What are your own personal experiences with death?
CHVE: As far as I know I have never been close to dying myself. The closest I got were a couple of car accidents. Around the age of fourteen, one of my best friends hung himself. That lashed out pretty hard at my young heart. However, the wildest encounter I had with death came when I was twenty. I lost six close family members in one year’s time, including my father and godfather.

It changed my view on life completely. It has shaped me, and everything I have been doing since then. Up until then, I lived an illusion. The biggest life lesson I got from my father came with his passing away in my arms. He taught me never to give up and to fight hard for everything that’s dear to me.

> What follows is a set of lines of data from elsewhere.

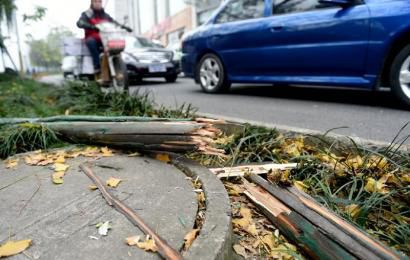 事發(fā)現(xiàn)場，嫌疑車輛撞壞的木樁。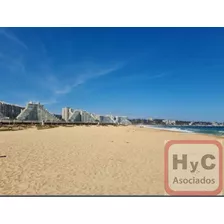 Agrícola En Venta En Algarrobo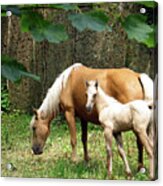 Mare And Foal, Westport House Acrylic Print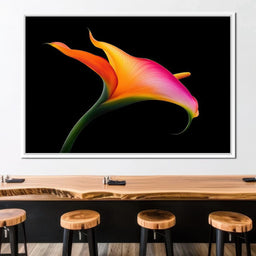 Vivid Orchid Glow - TooplesArt - NicheCanvas
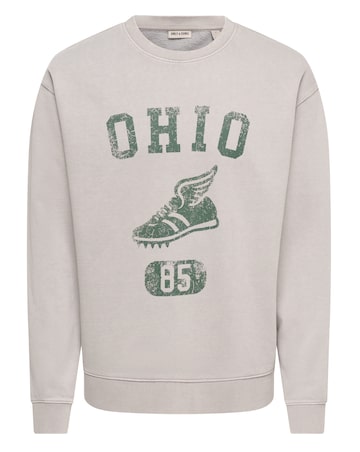 Only & Sons Creative College Relaxed Washed Crew Sweat - Light Grey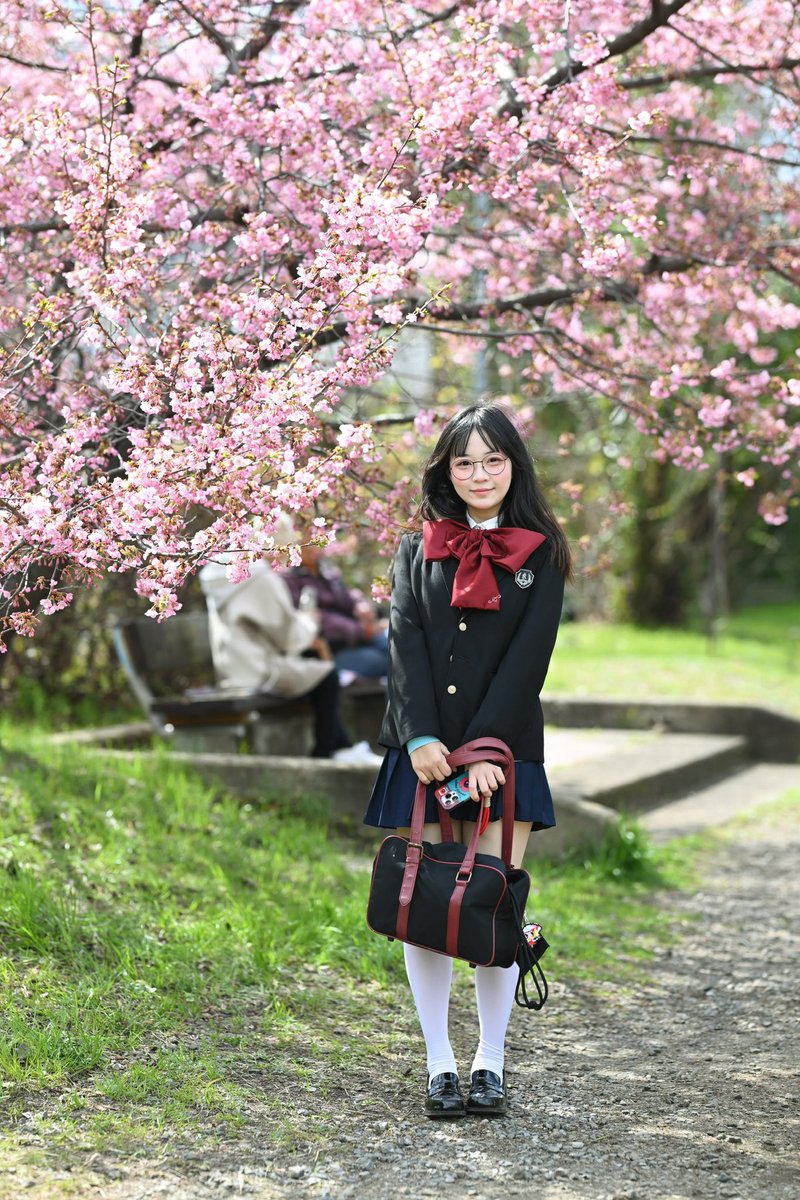 yukiiiiiai's tweet image. 桜🌸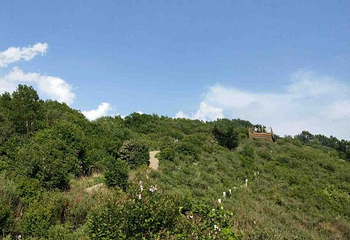 野三坡百草畔景区第 28 张图片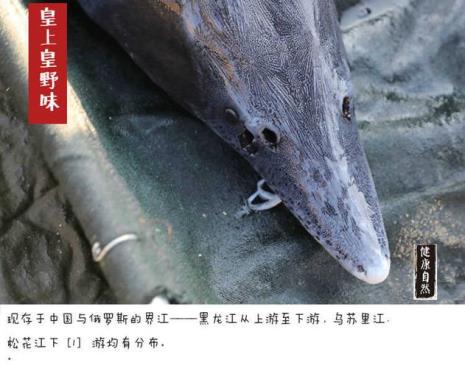 鲟鱼多大有鱼籽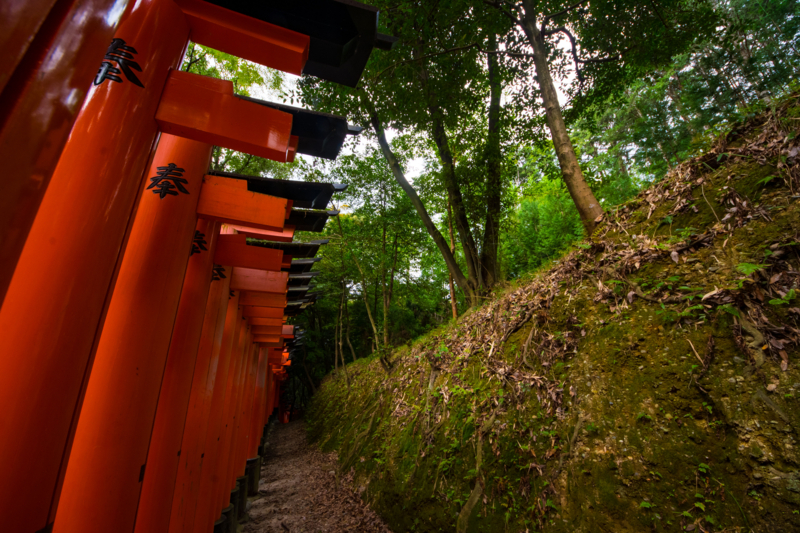 f:id:tenioso:20170902222257j:plain f:id:tenioso:20170902222257j:plain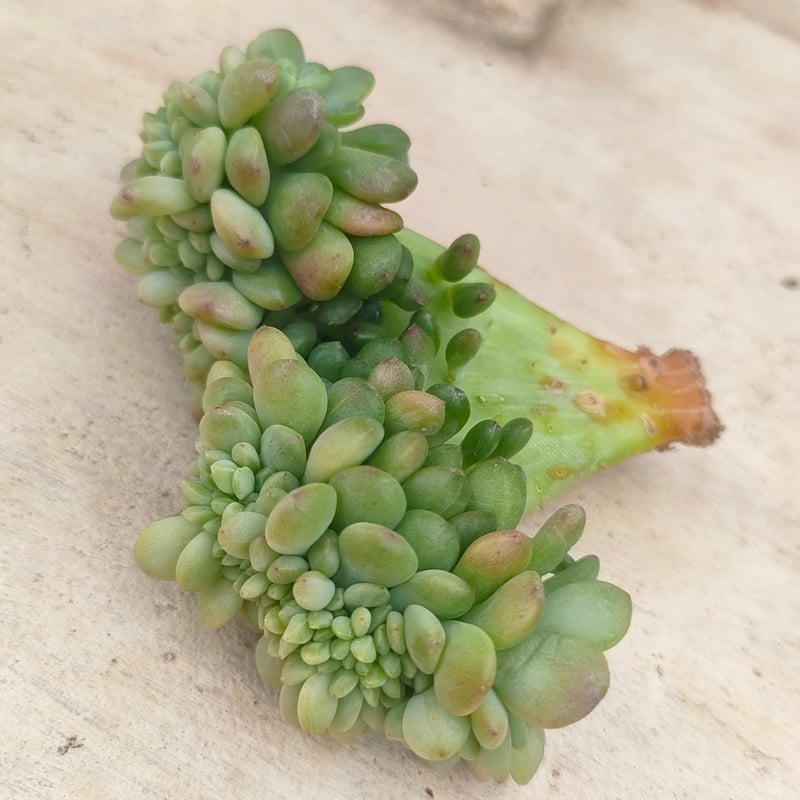 シャングリラ綴化 エケベリア カット苗 | 多肉植物カット苗の通販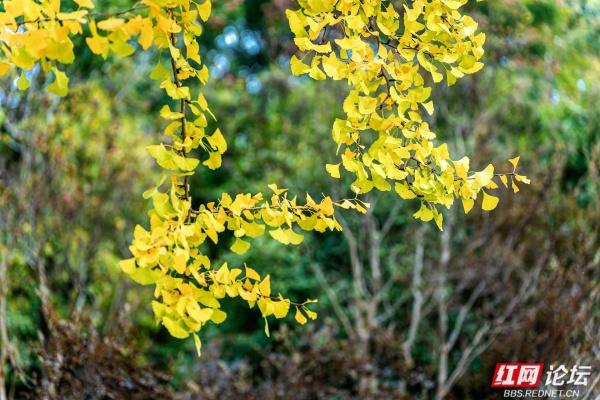 岁暖时刻丨湘府公园银杏季：看叶、玩耍、晒太阳，长沙人的欢乐场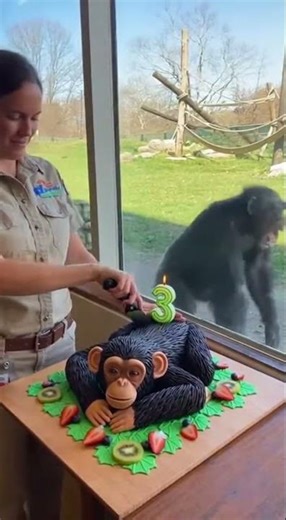 Birthday Cake Chaos at the Zoo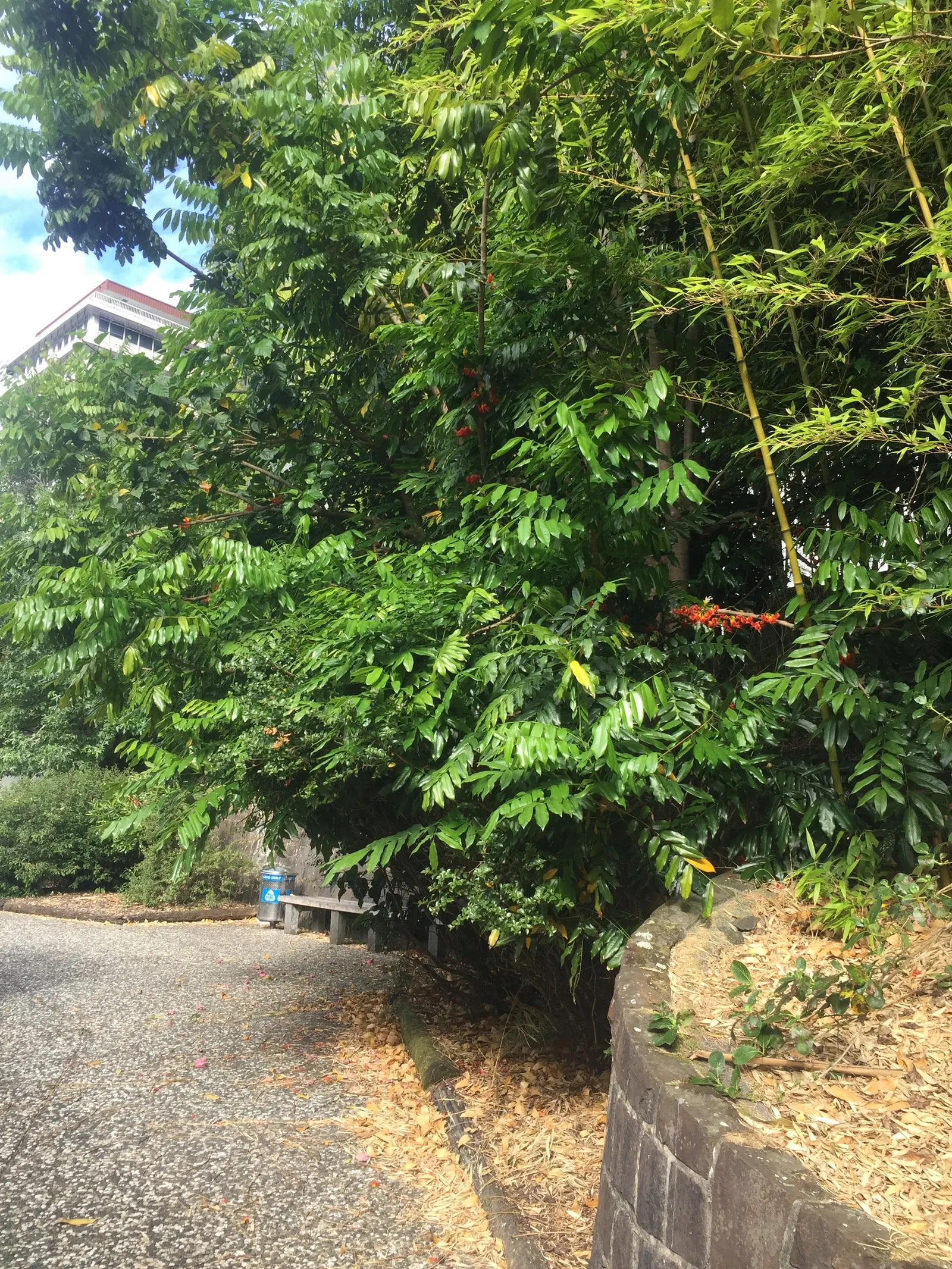 Moreton Bay Chestnut, Black Bean (Castanospermum Australe) — distinctive seed pods up to 12 inches in length
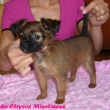 felisha 7t�dn�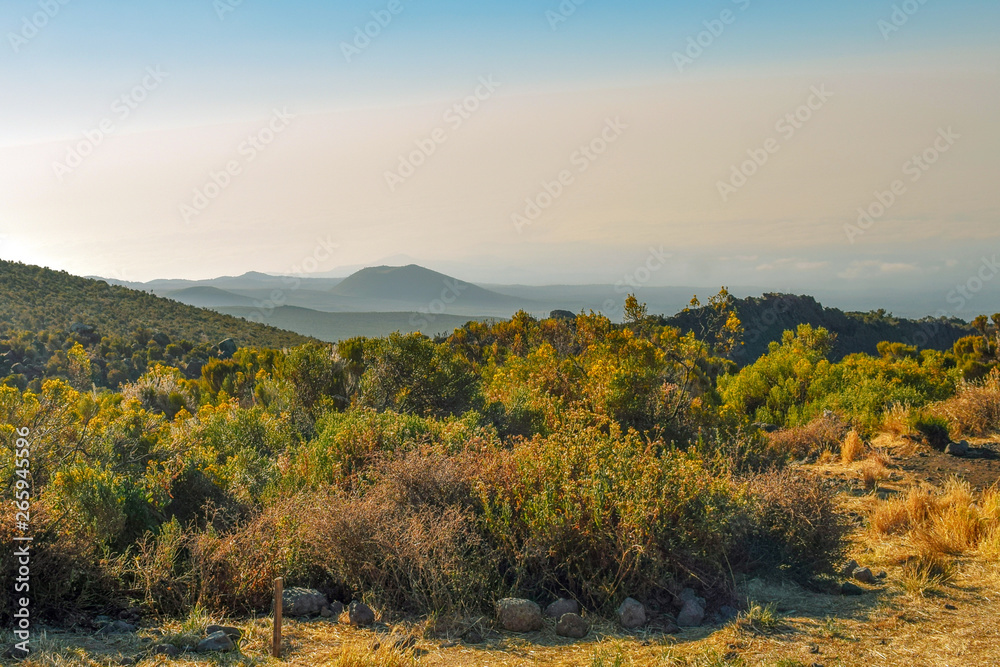 Obraz premium Grassland against a mountain background, Mount Kilimanjaro, Tanzania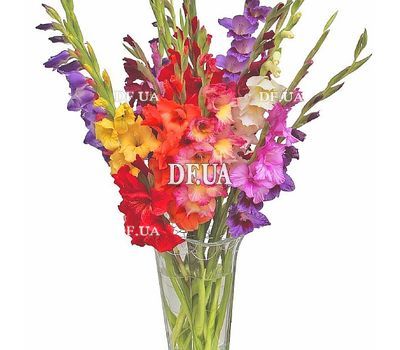 Bright bouquet with gladioli of different colors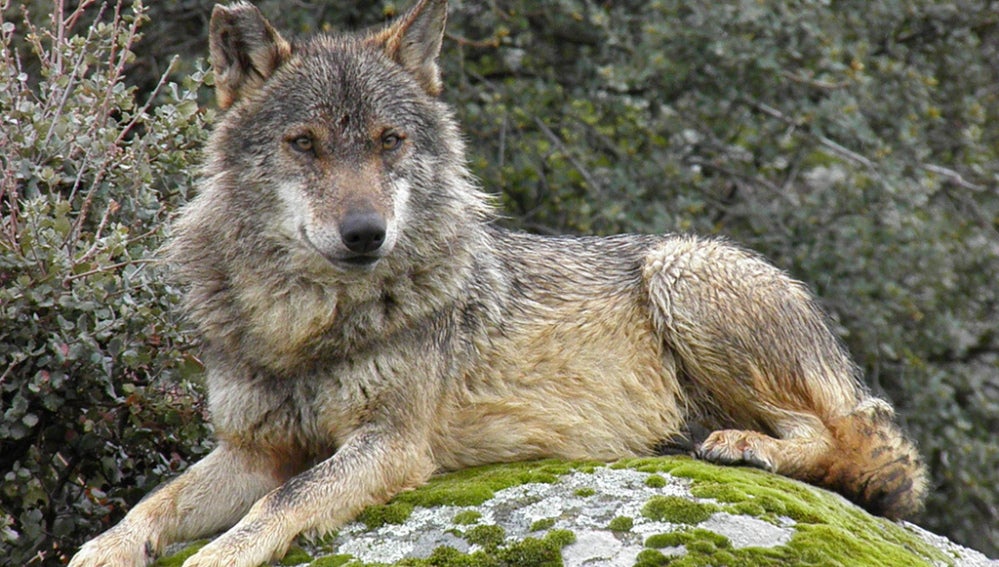 Organizan una marcha para proclamar el lobo ibérico especie protegida en  España | HAZTE ECO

What are your thoughts and beliefs on death and the afterlife?
Death should drive you as much as life. They are equally important in our existence. Death is rest. It is exile to another land. I can only hope it is not the end. And that we meet everyone we lost again in an afterlife, but we will never know for sure. Death is saying goodbye, and I hate goodbyes more than everything in this life. Abschied.

 

“The biggest life lesson I got from my father came with his passing away in my arms. He taught me never to give up and to fight hard for everything that’s dear to me.”

 

The duality of death and life, darkness and light, is a recurring theme in your work. How do your ideas about death influence and/or shape the music you make with Amenra and your solo projects?
My mind always dwells in darkness, day and night. It is my starting ground. My life is a quest to shift that Darkness into Light. I think it is necessary for us all to live with a constant awareness of a possible end. Life should be treated with respect in all its facets. Life’s pain is kept hidden by humanity, while it is one of the only constants or certainties in life. That’s why I think it is our job to show that we are all together in this. And even though grief and personal pain can be carried by ones own shoulders alone, it helps to know that you are not the only one carrying the burden. It makes it easier to bear. At a certain point in life everyone is lost, and I believe it is our job, to lead those lost back into the light.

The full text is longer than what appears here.